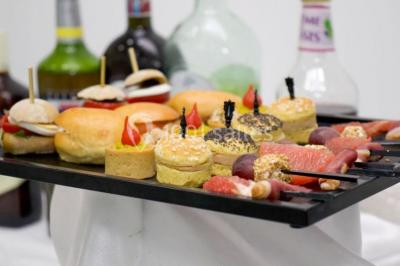 Lettres rouges formant le mot ’LOVE’ sur un tapis rouge, entourées de petites décorations blanches, en extérieur.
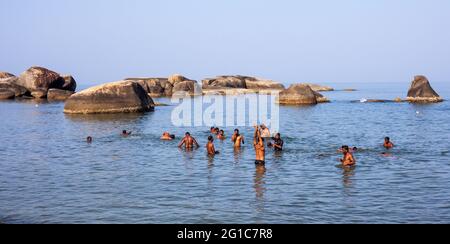 Gruppe von indischen Männern, die in der Nähe der schönen Felsformation baden, Agonda Beach, Goa, Indien Stockfoto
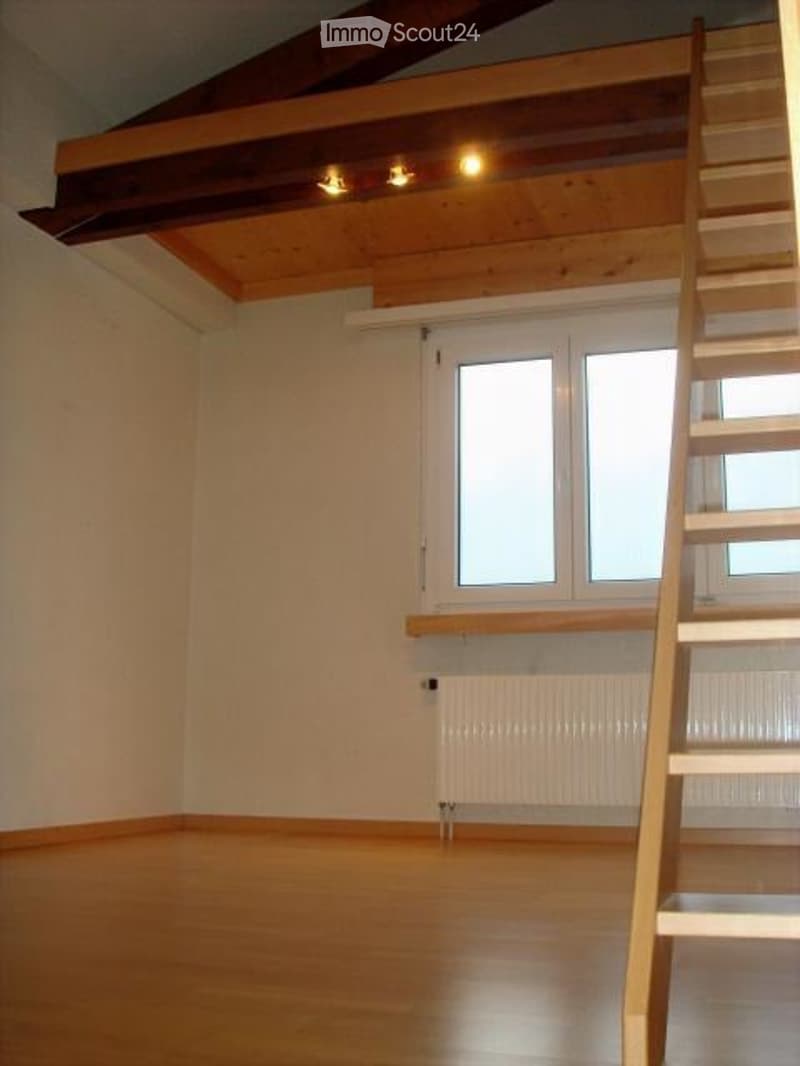 Empty room with wooden flooring, white walls, large windows, and a wooden staircase leading to an attic space.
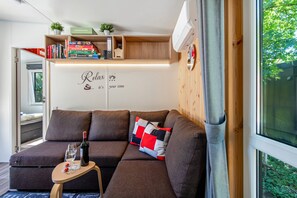 Un salon moderne avec un canapé, une petite table sur laquelle se trouvent une bouteille et des verres, et une bibliothèque remplie de livres et d’objets décoratifs.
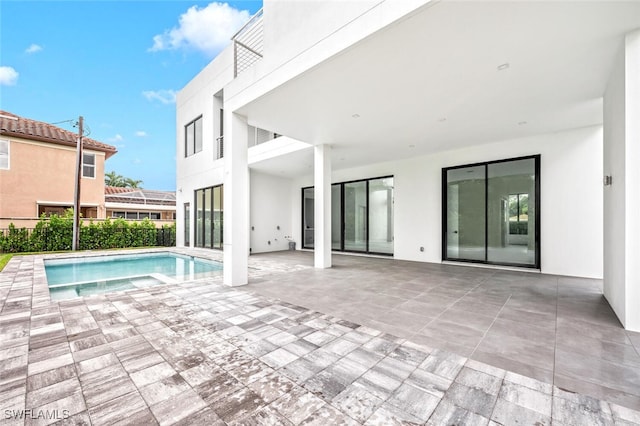 view of swimming pool with an in ground hot tub and a patio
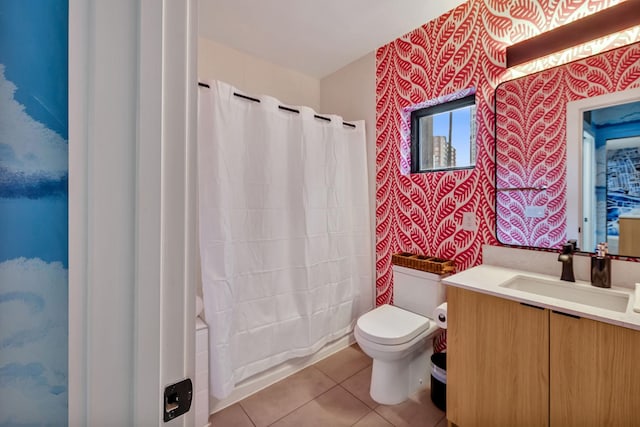 full bathroom with vanity, shower / bathtub combination with curtain, tile patterned floors, and toilet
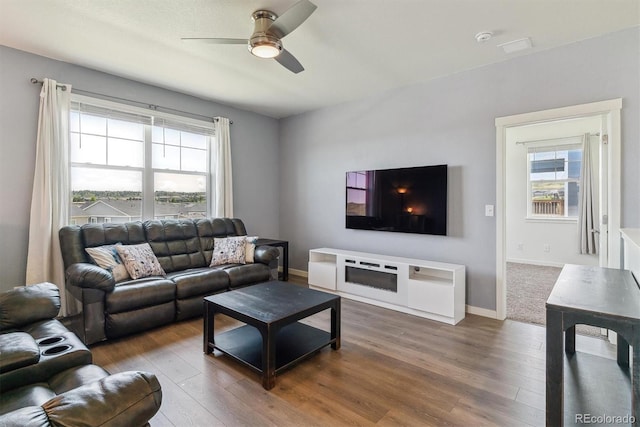 4992 Trails Edge Ln, Castle Rock, CO 80104 - living area with ceiling fan, hardwood / wood-style flooring, and baseboards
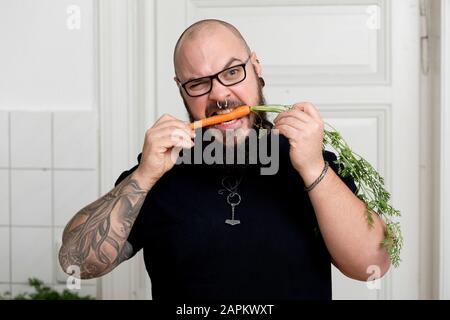 Porträt des bärtigen Mannes, der in Karotte in der Küche beißt Stockfoto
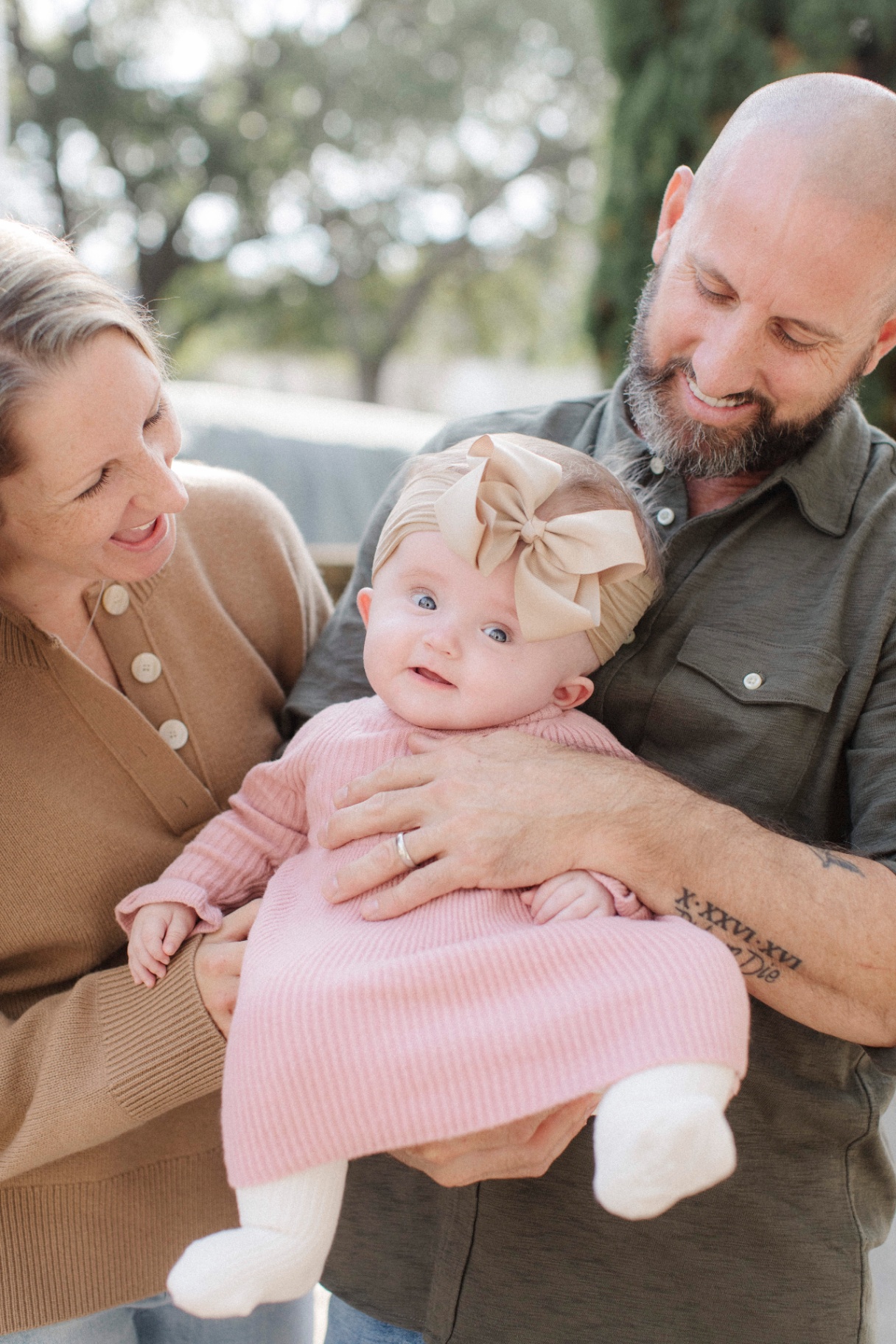 Parents holding baby Harlow outdoors
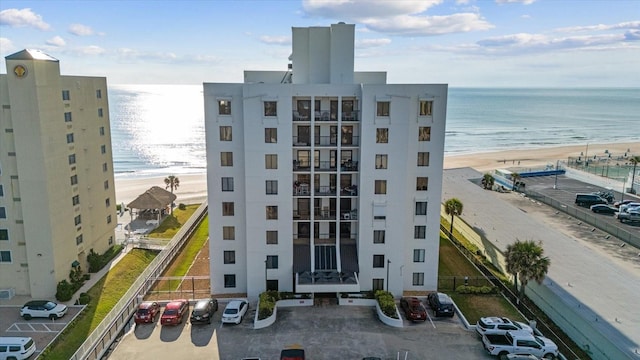 view of property with a view of the beach and a water view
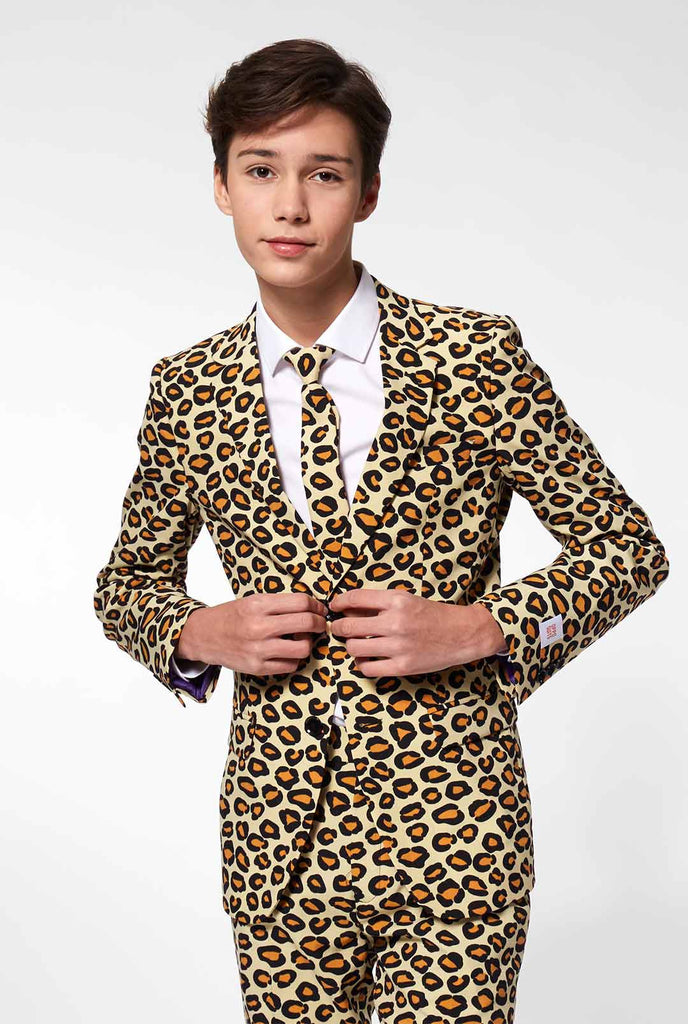 Teen wearing formal suit with panther print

• **INSTRUCTIONS FOR THE TASK**
Leave the pictures out, and restate exactly the lines from the start of the records through the one that contains "Gruppe von indischen".

• **COMPLETED EXERCISE**
 Lettres rouges formant le mot ’LOVE’ sur un tapis rouge, entourées de petites décorations blanches, en extérieur.
 Gruppe von indischen Männern, die in der Nähe der schönen Felsformation baden, Agonda Beach, Goa, Indien Stockfoto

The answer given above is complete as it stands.